Excluding pictures, retype exactly the lines from the one with "Diskli fren balatası seti; ön 2" through the end of the records that follow.

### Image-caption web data
------------------------------------------------------------
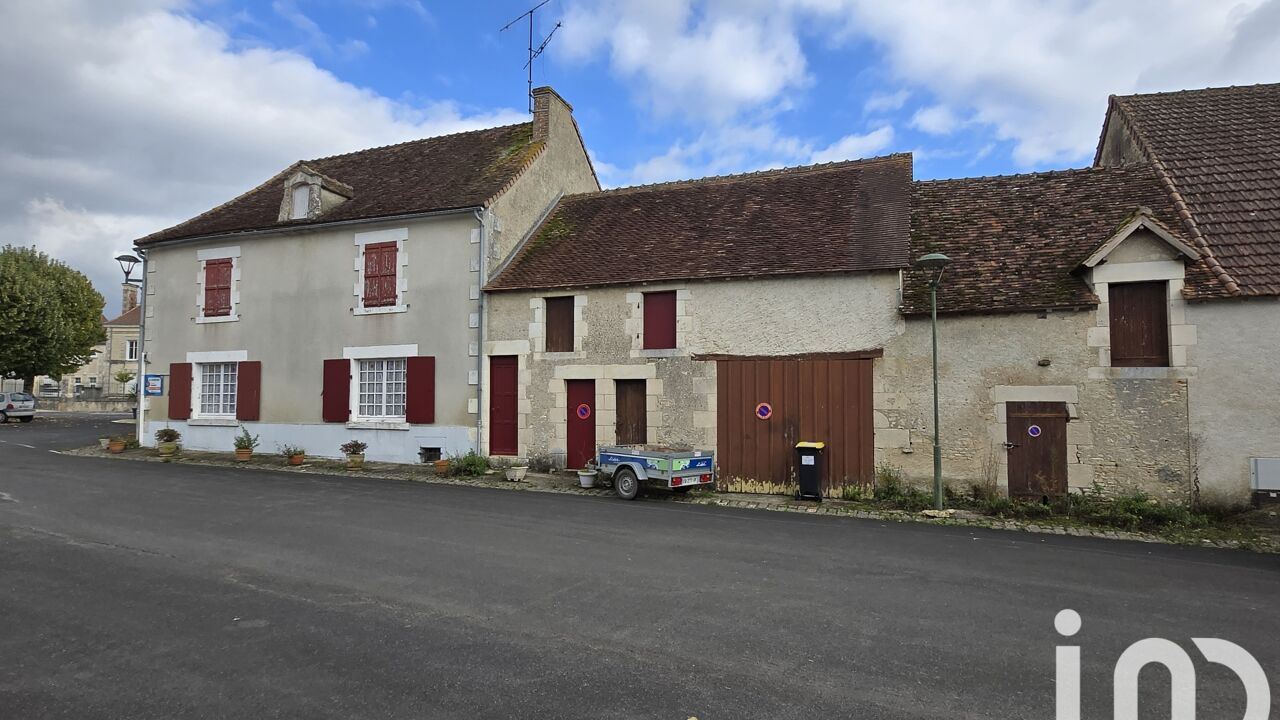 maison 5 pièces 157 m2 à vendre à Béthines (86310)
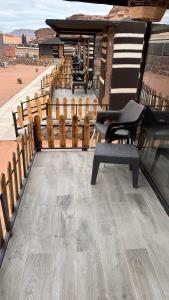 Moon Dunes Wadi Rum - Ubytování bez kategorie ve městě Disah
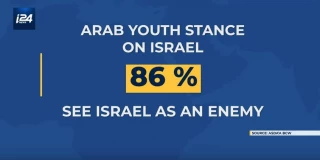 مدیر یک مرکز مطالعاتی بین المللی:
86 درصد جوانان عرب مخالف اسرائیل هستند
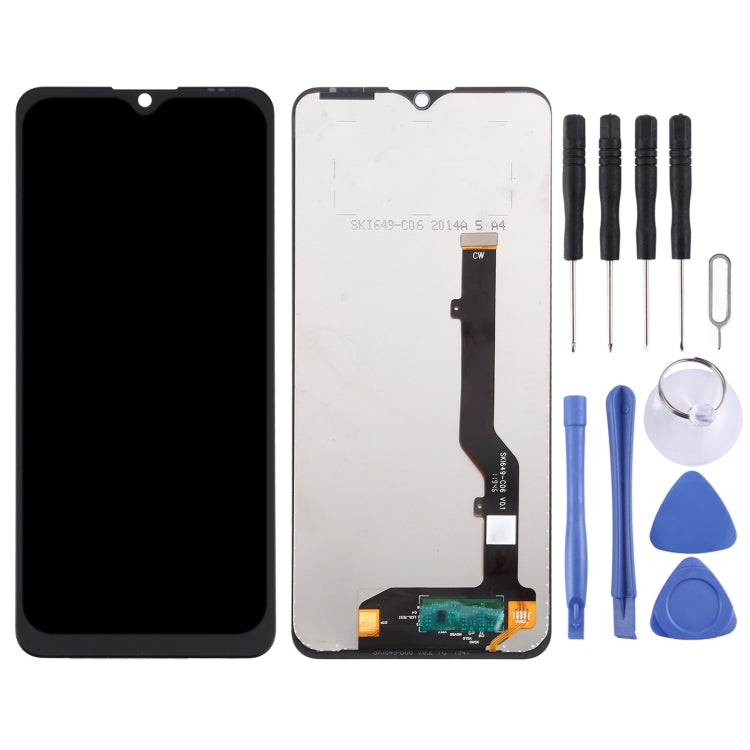 LCD Screen and Digitizer Full Assembly for ZTE Blade V Smart 2050 V2050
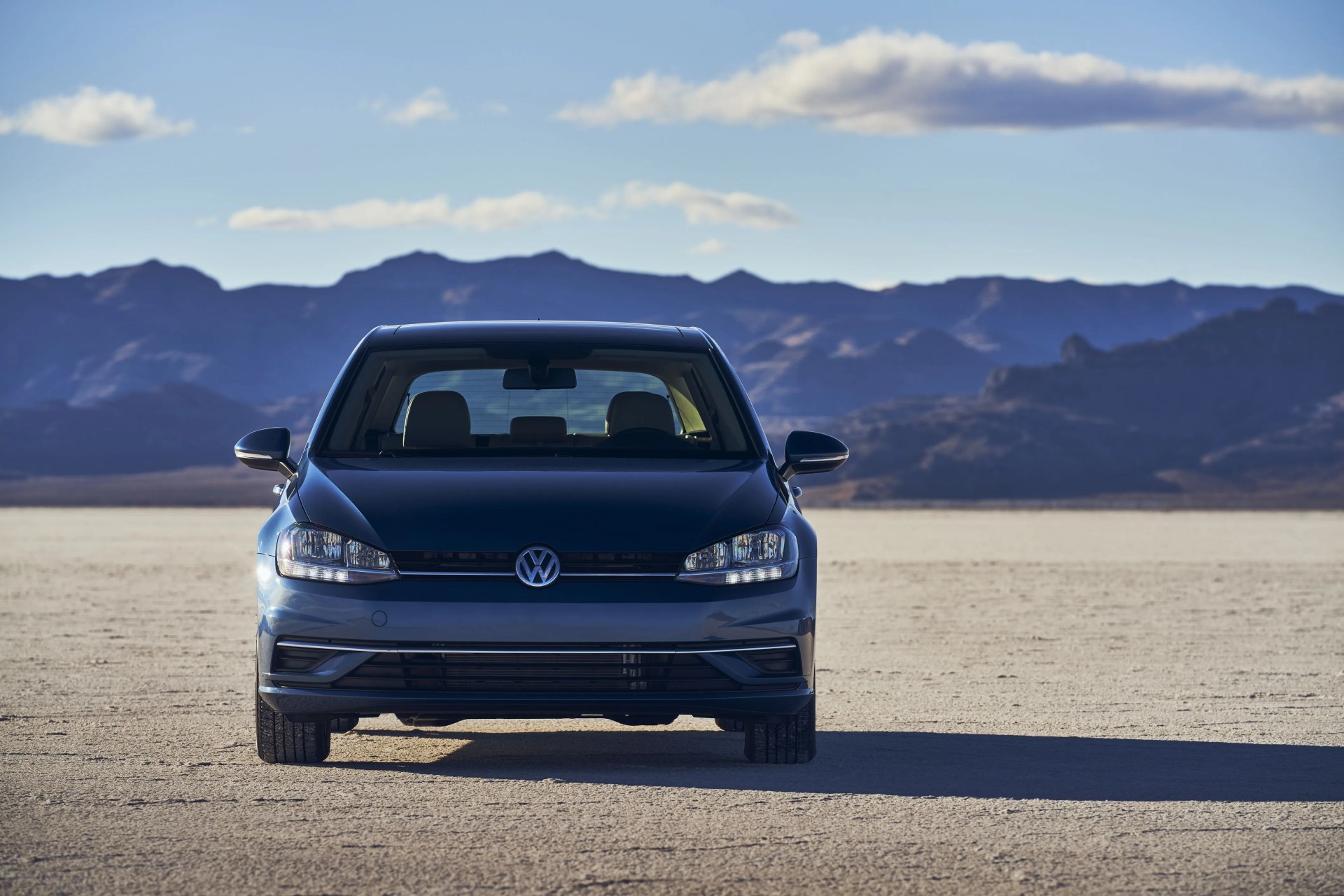 vw golf 2020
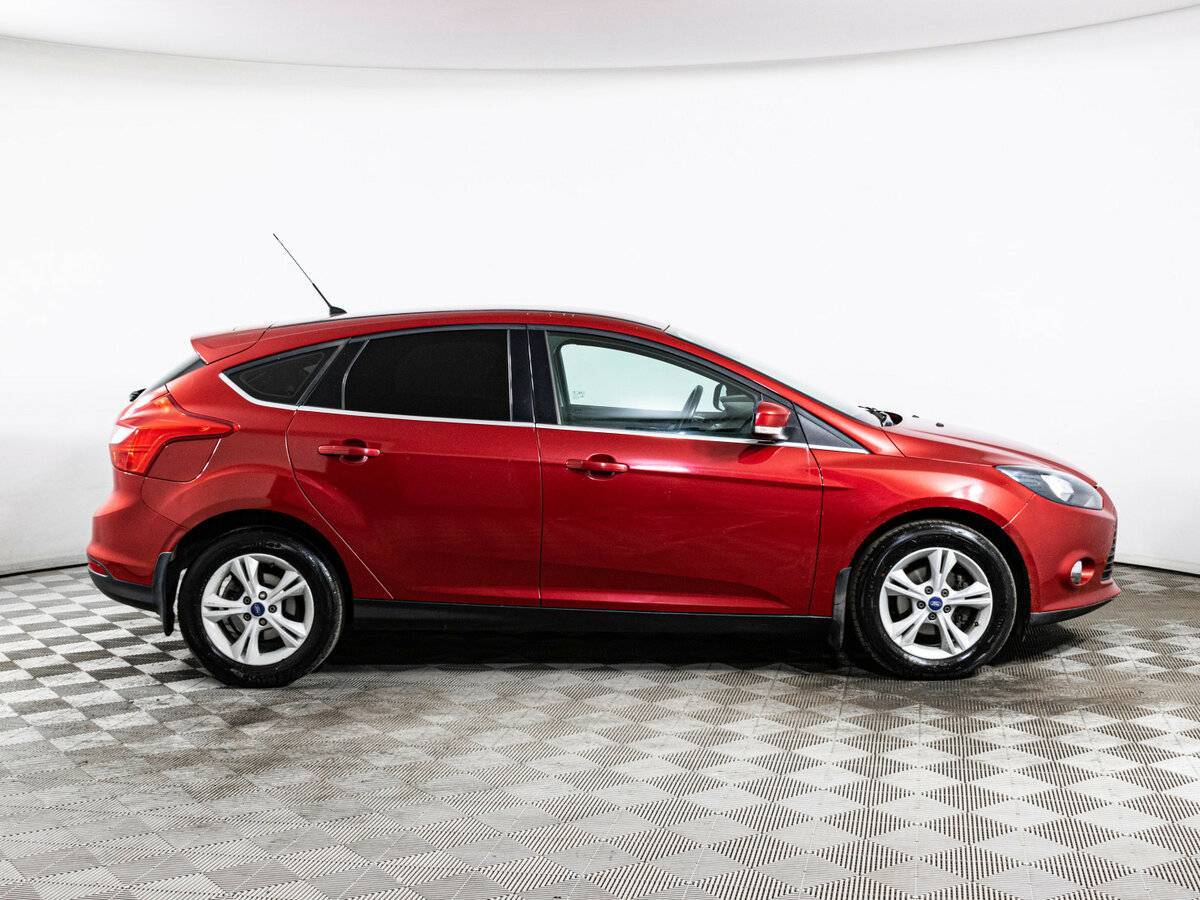 Купить Форд Фокус, 2012, 195 000 км.. Фото: #3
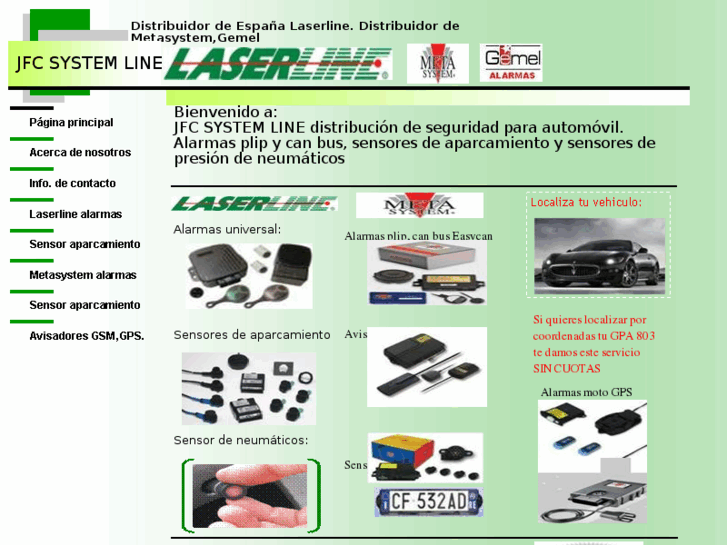 www.jfcsystemline.es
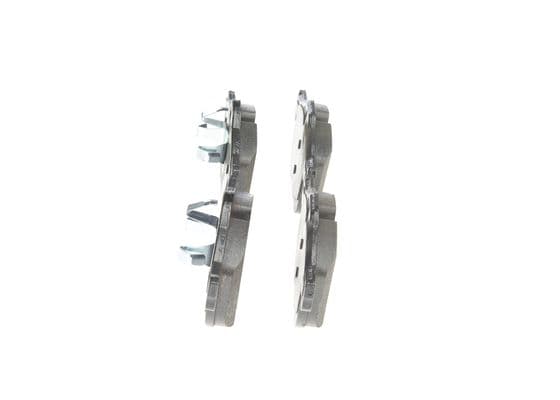 Diskli fren balatası seti; ön 2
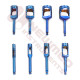 Dental Implant Bone Trephine Drills Kit ( 8 Pcs ) Dental Implant Bone Trephine Drills Kit ( 8 Pcs )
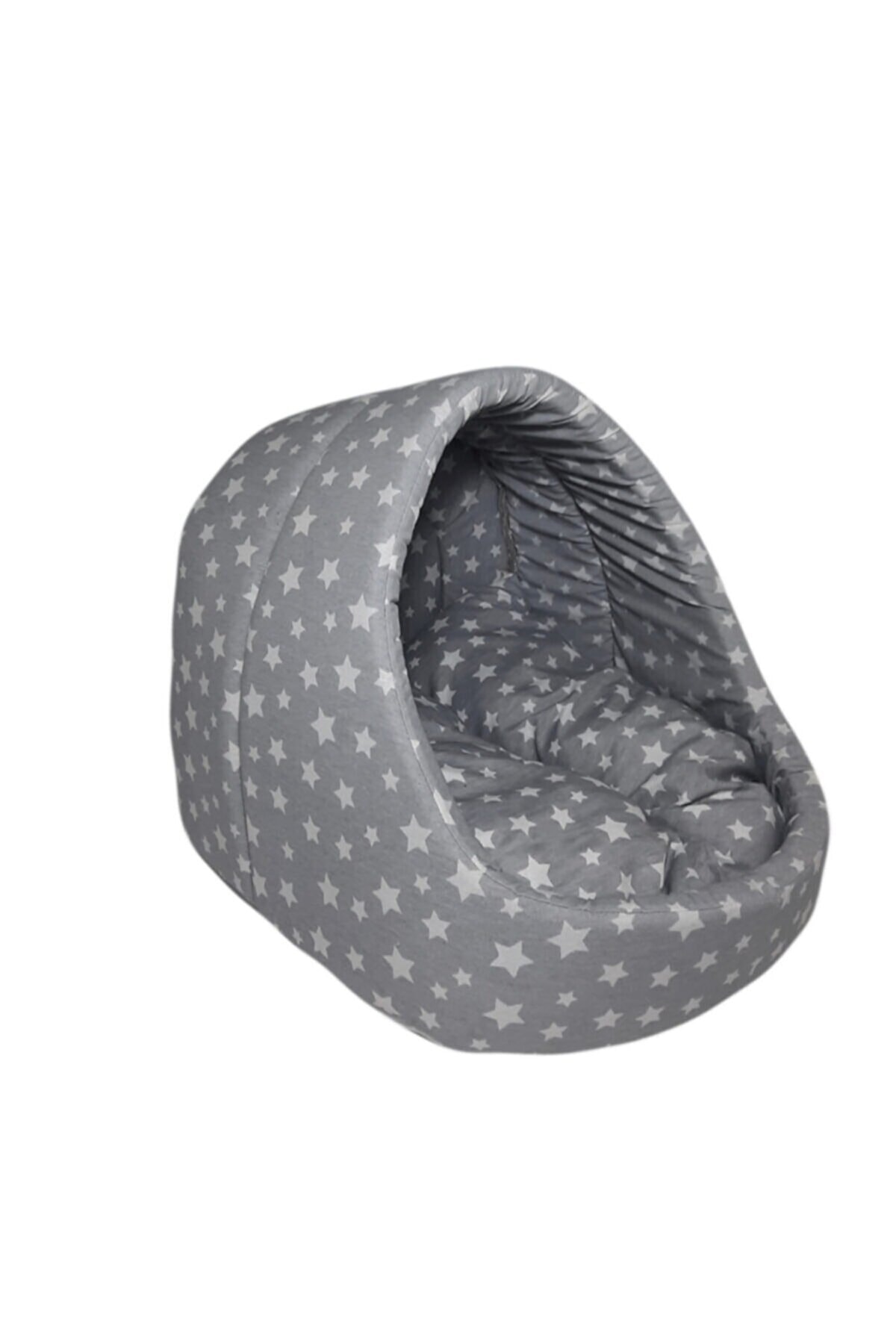 Kedi Köpek Yatağı Gri Kedi Köpek Yatağı Gri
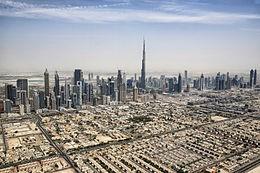 DUBAI Največji emirat Prebivalstvo: 2,1 milijona Slovi po visokih stavbah Med najbolj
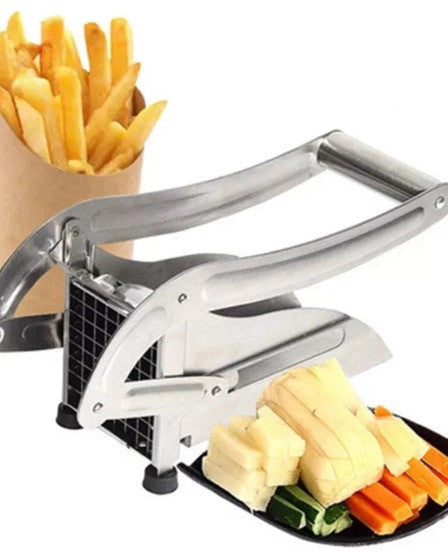 Tăietor pentru cartofi prăjiți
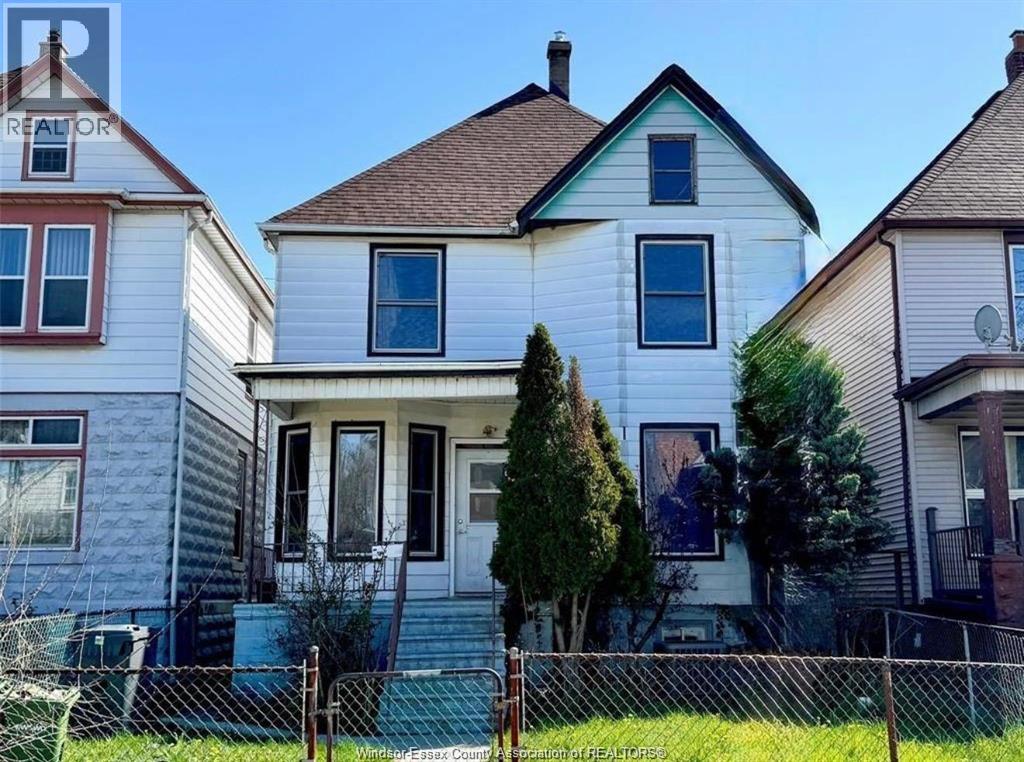 722 Dougall AVENUE Unit# MAIN Property Photo 1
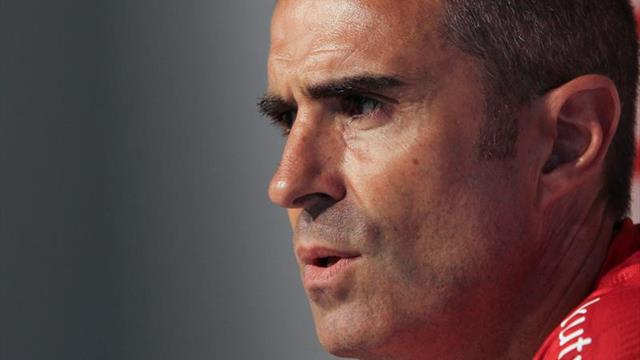 Garitano prepara la visita a Mallorca sin De Marcos y dosifica a Aduriz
------------------------------------------------------------
### OUTPUT OF THE EXERCISE
 Diskli fren balatası seti; ön 2
 Dental Implant Bone Trephine Drills Kit ( 8 Pcs ) Dental Implant Bone Trephine Drills Kit ( 8 Pcs )
 Kedi Köpek Yatağı Gri Kedi Köpek Yatağı Gri
 DUBAI Največji emirat Prebivalstvo: 2,1 milijona Slovi po visokih stavbah Med najbolj
 Tăietor pentru cartofi prăjiți
 722 Dougall AVENUE Unit# MAIN Property Photo 1
 Garitano prepara la visita a Mallorca sin De Marcos y dosifica a Aduriz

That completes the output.